Loading the stations from the web page

In [None]:
#loading stations from the web page

# source url
url = "http://www.rfi.it/rfi/LINEE-STAZIONI-TERRITORIO/Nelle-regioni/Lazio"

# performing the request
file = requests.get(url).text

Parsing the text with BeautifulSoup to retrieve the table

In [None]:
# parsing data with Beautiful Soup
parsable_file = BS(file, 'lxml')

# retrieving the table
data_table_list = parsable_file.find_all('table')
data_table = data_table_list[1]

Converting the table into a list

In [None]:
# converting the table into a list
list = pd.read_html(str(data_table), header=0)
list

Converting the list into a dataframe

In [None]:
# converting the list into a dataframe
df_stations = list[0]
df_stations.head(200)

Dropping useless rows and columns and giving the dataframe its final shape

In [None]:
# dropping the row with useless repetitions (STAZIONI(*))
df_stations = df_stations.drop([0])
df_stations = df_stations.drop([167])

# setting the proper row as column headers (Nome stazione/Fermata...)
df_stations.columns = df_stations.iloc[0]

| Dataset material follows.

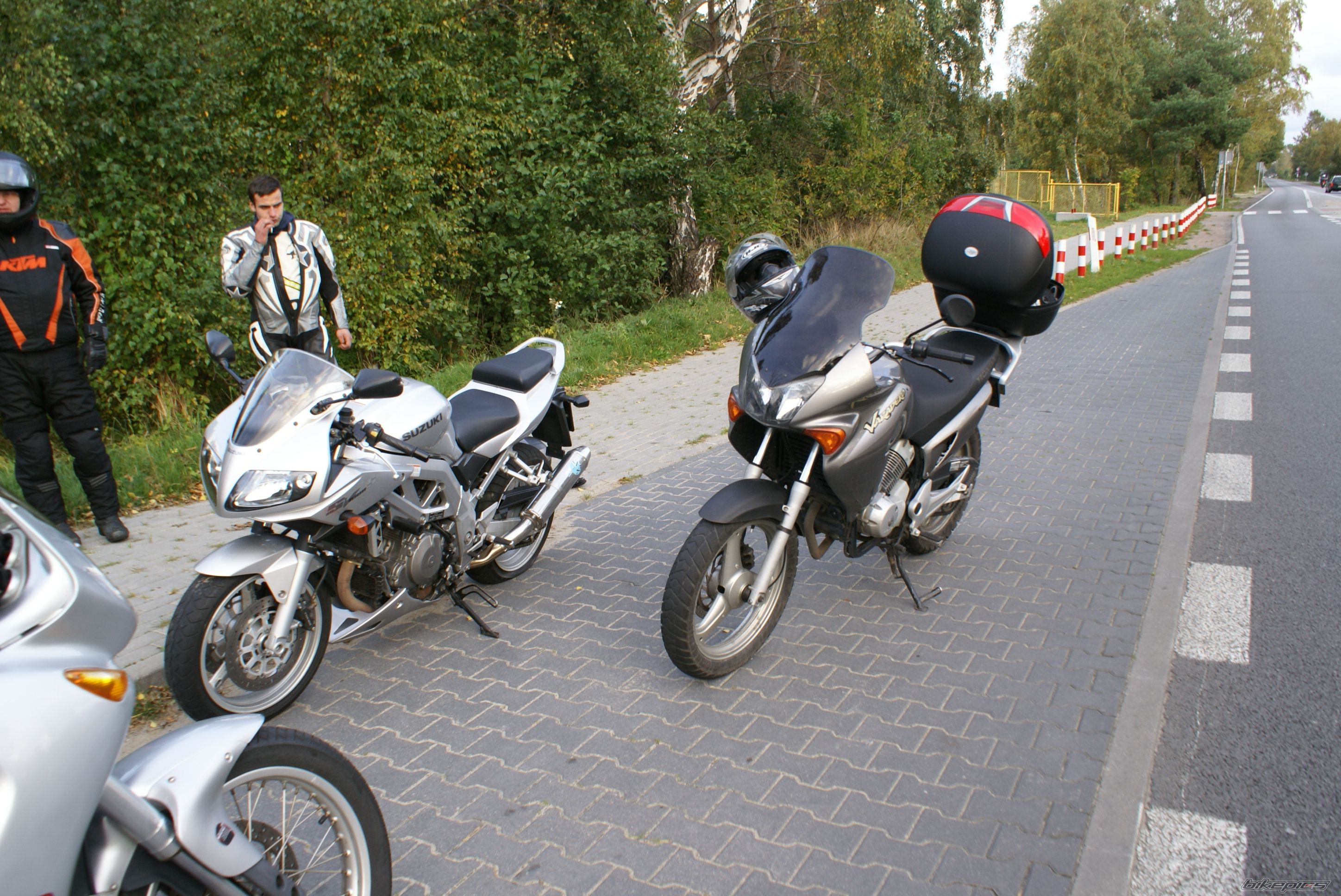 2004 HONDA XLV 125 VARADERO | Picture 1847811 motorcycle photo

# dropping the duplicate header
df_stations = df_stations.drop([1])

df_stations.head(200)

In [None]:
# dropping the column reporting the company managing the station
df_stations = df_stations.drop('Network', axis=1)
df_stations.head()

In [None]:
# saving stations to excel
df_stations.to_excel(r'stations.xls')

Loading Rome neighbourhoods from the webpage

In [None]:
#loading neighbourhoods from the web page

# source url
url_neigh = "https://it.wikipedia.org/wiki/Municipi_di_Roma"

# performing the request
file_neigh = requests.get(url_neigh).text

Parsing the text with BeautifulSoup to retrieve the table

In [None]:
# parsing data with Beautiful Soup
parsable_file = BS(file_neigh, 'lxml')

# retrieving the table
data_table_list = parsable_file.find_all('table')
data_table = data_table_list[0]

Converting the table into a list

In [None]:
# converting the table into a list
list = pd.read_html(str(data_table), header=0)
list

Converting the list into a dataframe

In [None]:
# converting the list into a dataframe
df_rome_neigh = list[0]
df_rome_neigh.head(200)

Deleting un-necessary columns

In [None]:
df_rome_neigh = df_rome_neigh.drop(['Superficie(km²)', 'Presidente','Corrispondenza con Municipi 2001-2013e Circoscrizioni', 'Suddivisioni amministrative'], axis = 1)
df_rome_neigh.head()

In [None]:
# saving Rome neighbours to excel
df_rome_neigh.to_excel(r'rome_neighbourhoods.xls')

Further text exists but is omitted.